Due to lack of deterrence, Russia’s INTERPOL membership is unlikely to be threatened despite numerous violations

Due to lack of deterrence, Russia’s INTERPOL membership is unlikely to be threatened despite numerous violations

The Moscow Kremlin, Russia

Bill Browder has called upon INTERPOL to suspend Russia’s membership after the country renewed its efforts to put him on the international wanted list. Despite five unsuccessful attempts, Russia’s law enforcement agencies hope to secure INTERPOL’s cooperation in Mr. Browder’s case. So far, the organization has been unwilling to cooperate and in a rare public statement about an individual case called it predominantly political. However, despite Russia’s repeated violations of INTERPOL’s rules in this and other cases, the country’s membership is unlikely in any danger.

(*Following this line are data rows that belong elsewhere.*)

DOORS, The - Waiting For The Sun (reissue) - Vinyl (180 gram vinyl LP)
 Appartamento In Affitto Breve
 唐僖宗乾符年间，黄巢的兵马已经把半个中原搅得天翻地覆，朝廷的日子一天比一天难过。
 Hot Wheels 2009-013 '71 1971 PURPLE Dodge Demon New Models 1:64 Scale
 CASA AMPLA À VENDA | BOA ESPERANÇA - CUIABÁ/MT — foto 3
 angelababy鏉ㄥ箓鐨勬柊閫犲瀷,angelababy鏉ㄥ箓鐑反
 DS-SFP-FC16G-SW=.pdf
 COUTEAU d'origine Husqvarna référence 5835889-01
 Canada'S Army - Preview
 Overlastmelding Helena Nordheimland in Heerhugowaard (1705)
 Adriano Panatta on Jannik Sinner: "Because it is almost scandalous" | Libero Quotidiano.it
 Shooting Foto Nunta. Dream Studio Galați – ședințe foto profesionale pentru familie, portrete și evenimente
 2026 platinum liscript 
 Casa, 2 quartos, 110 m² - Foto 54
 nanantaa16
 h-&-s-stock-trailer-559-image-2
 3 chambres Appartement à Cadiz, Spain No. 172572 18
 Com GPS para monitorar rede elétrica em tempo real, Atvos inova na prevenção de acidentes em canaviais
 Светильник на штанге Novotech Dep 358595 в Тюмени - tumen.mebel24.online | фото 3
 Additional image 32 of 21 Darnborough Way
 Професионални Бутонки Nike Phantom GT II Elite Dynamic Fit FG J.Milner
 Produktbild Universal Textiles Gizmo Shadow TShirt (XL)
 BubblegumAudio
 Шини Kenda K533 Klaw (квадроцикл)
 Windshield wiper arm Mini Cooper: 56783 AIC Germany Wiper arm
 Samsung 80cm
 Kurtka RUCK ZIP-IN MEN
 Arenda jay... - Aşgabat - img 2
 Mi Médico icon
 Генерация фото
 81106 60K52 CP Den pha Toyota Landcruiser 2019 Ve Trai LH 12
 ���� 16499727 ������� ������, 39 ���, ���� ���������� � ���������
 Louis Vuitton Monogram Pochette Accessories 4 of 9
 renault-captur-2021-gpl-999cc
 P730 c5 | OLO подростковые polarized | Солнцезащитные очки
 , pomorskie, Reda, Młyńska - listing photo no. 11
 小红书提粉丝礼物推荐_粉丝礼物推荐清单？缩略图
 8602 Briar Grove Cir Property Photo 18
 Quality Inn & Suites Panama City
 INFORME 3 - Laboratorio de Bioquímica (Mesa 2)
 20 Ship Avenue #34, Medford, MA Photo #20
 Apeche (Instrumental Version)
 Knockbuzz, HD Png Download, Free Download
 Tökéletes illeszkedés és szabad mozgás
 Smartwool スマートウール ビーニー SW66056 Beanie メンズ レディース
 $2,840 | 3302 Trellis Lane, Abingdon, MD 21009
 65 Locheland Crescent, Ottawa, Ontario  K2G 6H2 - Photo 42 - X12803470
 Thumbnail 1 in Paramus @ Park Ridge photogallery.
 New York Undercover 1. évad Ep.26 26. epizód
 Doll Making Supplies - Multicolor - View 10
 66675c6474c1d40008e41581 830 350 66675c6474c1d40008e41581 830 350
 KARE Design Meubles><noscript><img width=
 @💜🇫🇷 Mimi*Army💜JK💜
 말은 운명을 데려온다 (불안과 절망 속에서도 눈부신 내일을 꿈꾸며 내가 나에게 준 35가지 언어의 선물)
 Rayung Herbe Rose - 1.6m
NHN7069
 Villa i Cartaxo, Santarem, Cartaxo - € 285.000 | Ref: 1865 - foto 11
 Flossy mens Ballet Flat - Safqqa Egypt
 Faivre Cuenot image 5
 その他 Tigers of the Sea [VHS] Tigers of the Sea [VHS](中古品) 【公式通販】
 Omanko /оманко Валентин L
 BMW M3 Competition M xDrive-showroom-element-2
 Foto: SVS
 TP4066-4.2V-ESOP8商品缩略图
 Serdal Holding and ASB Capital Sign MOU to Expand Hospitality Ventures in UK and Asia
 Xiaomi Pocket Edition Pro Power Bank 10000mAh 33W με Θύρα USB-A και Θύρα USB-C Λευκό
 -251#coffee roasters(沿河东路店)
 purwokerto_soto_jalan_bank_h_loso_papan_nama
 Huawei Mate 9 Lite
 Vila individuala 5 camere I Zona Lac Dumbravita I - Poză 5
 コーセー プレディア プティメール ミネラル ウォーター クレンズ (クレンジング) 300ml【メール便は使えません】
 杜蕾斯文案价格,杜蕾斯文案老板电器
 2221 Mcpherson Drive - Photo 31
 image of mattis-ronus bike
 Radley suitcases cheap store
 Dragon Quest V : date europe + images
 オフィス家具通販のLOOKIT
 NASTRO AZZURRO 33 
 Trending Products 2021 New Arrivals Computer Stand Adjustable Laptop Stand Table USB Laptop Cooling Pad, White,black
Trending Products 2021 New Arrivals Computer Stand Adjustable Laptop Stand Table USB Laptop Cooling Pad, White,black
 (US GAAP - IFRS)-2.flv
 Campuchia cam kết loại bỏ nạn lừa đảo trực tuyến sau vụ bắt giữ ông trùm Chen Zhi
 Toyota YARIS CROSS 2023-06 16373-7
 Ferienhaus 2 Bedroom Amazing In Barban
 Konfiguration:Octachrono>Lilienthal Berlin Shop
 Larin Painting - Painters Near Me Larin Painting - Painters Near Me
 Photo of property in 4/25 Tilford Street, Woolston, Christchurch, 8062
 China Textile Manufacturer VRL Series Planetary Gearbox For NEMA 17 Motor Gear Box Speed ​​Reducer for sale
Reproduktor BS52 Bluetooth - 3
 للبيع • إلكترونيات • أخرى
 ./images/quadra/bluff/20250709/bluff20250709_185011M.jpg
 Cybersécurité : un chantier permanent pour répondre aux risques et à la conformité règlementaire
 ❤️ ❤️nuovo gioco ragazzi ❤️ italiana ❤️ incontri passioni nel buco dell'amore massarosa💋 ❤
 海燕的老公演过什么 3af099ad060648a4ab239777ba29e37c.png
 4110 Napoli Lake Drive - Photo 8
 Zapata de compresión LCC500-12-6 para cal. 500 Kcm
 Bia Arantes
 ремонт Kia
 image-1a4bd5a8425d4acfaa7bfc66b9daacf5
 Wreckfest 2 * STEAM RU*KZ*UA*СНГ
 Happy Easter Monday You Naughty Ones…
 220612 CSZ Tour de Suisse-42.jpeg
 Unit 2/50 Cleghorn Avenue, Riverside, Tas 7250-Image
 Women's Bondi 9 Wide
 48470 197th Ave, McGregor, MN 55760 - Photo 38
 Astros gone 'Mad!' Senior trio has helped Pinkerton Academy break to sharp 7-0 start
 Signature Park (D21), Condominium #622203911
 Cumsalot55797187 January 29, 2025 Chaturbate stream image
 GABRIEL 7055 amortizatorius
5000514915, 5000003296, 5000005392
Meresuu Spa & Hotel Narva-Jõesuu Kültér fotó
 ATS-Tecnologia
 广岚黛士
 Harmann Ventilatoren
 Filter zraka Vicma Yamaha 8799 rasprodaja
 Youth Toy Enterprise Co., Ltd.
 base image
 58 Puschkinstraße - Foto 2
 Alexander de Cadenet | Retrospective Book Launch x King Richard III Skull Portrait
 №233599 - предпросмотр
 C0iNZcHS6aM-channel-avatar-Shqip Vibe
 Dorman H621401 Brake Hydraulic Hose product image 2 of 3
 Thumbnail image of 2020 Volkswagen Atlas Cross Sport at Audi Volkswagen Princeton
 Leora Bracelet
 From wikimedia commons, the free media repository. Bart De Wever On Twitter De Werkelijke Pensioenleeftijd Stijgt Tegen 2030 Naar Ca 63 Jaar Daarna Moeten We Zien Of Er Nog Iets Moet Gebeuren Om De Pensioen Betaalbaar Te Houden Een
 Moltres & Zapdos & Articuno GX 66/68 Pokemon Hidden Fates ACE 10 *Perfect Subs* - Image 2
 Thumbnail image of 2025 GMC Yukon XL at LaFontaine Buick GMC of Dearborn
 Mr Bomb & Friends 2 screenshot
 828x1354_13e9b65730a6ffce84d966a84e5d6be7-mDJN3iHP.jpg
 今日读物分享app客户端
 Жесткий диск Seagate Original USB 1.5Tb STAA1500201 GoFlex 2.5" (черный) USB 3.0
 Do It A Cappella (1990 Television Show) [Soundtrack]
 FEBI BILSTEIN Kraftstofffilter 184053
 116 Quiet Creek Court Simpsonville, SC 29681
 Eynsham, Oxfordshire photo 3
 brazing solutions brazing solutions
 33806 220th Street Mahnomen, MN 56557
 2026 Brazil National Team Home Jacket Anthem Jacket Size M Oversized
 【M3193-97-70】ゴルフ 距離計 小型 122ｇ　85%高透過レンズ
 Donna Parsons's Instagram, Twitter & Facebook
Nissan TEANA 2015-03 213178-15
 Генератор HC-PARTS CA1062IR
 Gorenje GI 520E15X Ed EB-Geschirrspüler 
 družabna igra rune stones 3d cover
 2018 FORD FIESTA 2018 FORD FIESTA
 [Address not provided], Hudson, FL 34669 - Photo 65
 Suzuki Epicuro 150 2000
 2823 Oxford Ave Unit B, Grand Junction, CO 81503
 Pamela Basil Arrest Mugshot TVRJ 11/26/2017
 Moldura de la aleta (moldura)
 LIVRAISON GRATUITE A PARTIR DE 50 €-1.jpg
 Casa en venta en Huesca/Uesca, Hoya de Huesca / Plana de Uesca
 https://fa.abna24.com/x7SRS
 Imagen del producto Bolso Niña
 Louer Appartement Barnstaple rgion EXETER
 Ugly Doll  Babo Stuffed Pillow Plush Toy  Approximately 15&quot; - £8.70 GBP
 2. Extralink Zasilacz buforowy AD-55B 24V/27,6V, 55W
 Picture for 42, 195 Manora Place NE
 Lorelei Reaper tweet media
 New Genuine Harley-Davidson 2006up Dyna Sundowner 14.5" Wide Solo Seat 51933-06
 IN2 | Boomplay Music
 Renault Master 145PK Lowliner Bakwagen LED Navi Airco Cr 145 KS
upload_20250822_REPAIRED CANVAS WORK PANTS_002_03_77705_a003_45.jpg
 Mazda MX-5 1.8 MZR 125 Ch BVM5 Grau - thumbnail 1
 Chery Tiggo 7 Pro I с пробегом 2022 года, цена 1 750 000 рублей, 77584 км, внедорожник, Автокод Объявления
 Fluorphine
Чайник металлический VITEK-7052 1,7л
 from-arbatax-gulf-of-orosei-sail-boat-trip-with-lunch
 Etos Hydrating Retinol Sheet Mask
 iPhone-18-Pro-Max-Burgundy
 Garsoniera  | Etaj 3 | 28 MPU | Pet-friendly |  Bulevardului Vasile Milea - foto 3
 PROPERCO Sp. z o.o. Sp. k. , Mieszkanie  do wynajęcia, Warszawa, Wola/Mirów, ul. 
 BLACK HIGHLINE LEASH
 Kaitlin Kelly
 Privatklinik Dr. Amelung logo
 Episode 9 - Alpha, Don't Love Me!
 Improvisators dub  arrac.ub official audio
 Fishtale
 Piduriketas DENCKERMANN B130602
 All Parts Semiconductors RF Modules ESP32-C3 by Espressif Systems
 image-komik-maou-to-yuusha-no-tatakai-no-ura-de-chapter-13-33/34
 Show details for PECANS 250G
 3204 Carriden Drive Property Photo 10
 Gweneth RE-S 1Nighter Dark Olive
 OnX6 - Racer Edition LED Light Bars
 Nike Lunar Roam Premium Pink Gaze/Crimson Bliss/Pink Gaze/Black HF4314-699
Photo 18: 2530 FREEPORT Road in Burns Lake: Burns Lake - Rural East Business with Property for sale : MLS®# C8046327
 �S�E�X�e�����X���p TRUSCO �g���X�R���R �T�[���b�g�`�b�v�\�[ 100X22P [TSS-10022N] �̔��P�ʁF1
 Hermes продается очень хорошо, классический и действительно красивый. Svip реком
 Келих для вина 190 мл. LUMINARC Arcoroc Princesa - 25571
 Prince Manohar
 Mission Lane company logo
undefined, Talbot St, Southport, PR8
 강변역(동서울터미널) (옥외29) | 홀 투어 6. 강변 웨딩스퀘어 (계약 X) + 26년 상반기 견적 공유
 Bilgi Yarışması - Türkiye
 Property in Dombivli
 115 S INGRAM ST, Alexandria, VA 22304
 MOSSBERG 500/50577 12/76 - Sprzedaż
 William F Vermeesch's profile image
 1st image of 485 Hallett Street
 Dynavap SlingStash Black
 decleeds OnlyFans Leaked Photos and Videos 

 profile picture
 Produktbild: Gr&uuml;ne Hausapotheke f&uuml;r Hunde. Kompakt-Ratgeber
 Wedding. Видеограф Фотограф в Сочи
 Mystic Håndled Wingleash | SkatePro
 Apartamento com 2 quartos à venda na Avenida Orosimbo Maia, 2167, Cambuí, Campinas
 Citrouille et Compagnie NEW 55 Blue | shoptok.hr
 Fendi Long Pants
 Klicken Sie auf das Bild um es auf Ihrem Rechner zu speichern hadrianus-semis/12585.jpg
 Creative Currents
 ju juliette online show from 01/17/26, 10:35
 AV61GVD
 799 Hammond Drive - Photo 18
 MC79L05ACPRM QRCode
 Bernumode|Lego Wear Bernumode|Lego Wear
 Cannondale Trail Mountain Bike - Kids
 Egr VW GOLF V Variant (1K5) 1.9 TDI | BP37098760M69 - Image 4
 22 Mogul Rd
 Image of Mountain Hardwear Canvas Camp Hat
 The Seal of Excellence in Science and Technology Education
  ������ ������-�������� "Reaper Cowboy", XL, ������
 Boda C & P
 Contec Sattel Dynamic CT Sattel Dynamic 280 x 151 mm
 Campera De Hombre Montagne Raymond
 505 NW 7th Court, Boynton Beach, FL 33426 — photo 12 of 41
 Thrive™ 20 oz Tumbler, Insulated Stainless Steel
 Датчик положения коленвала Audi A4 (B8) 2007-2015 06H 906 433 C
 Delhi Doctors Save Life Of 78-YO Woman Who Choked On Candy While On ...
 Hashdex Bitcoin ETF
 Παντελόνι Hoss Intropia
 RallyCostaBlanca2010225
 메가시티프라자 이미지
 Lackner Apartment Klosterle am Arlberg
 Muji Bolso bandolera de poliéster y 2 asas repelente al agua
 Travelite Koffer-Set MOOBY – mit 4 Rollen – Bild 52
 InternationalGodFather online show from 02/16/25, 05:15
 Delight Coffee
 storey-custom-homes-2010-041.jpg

Under its regulations, INTERPOL is authorized to suspend or withdraw any user’s access to the organization’s databases, including any of its member countries, if that user violates INTERPOL’s rules on data processing. It is unclear whether INTERPOL has ever used that power. Certain recent examples suggest that the organization would rather avoid punishing a country. For example, it has been reported that Turkey tried to put 60,000 individuals allegedly linked to the 2016 failed coup against President Recep Tayyip Erdogan on the INTERPOL wanted list. According to these reports, INTERPOL refused to sanction Turkey for what appears to be an unprecedented violation of the organization’s Constitution, which strictly forbids INTERPOL to undertake any intervention or activities of a political character. If INTERPOL is reluctant to punish governments for such egregious violations, is there a limit, which, if crossed, would eventually force the organization to sanction the government?

The Prosecutor General’s Office of the Russian Federation, Moscow

INTERPOL’s unwillingness to suspend or withdraw access to its resources is not without reason. A country without access to INTERPOL’s databases might not be able to identify criminals wanted by other countries or inform foreign law enforcement about criminals possibly entering their territories, which could be detrimental to regional and global security. However, without a punishment effective enough to deter governments from abusing INTERPOL’s resources, the organization will always remain a tool in the hands of oppressive regimes.